Nathalie Trignol-Viguier : "En France, les avortements clandestins existent encore"

IVG
Elle fait partie des rédacteurs et signataires d'un Manifeste de soignants favorables à la pratique d'une interruption volontaire de grossesse jusqu'à 14 semaines. Entretien avec le Dr Trignol-Viguier, fervente défenseuse de ce droit accordée aux femmes, pour lequel il ne faut pourtant jamais cesser de se battre.

Le 20 novembre dernier, Marie Claire relayait le Manifeste de professionnels de santé engagés en faveur d'un allongement des délais de l'interruption volontaire de grossesse en France

Initié fin octobre par L'Association nationale des centres d'avortement et de contraception (ANCIC), le texte a déjà recueilli plus de 400 signatures de médecins, gynécologues-obstétricien.ne.s, sages-femmes et infirmières favorables à la pratique d'une IVG à 14 semaines (soit 16 semaines d'aménorrhée), et prêt.e.s à s'y former.
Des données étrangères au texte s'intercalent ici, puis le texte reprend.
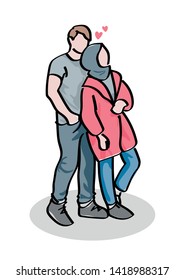 young muslim couple standing together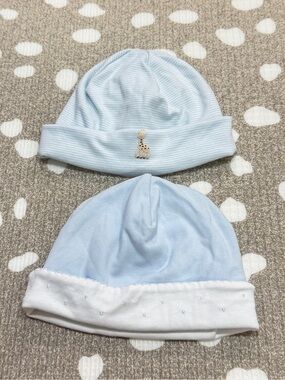 Kissy Kissy hats newborn baby boy pima embroidered sophie the giraffe beanie set
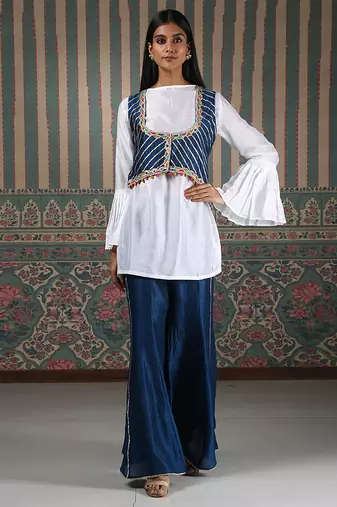 White plain gharara set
Ce texte intervient alors qu'une proposition de loi en faveur de l'allongement du délai légal de l'IVG en France, actuellement arrêté à 12 semaines, est actuellement examinée. Votée par l'Assemblée nationale le 8 octobre dernier, elle doit encore être débattue au Sénat. 

L'occasion de nous entretenir avec le Dr Nathalie Trignol-Viguier, PH référente du Centre d'Orthogénie du CHU Bretonneau à Tours et co-présidente de l'ANCIC.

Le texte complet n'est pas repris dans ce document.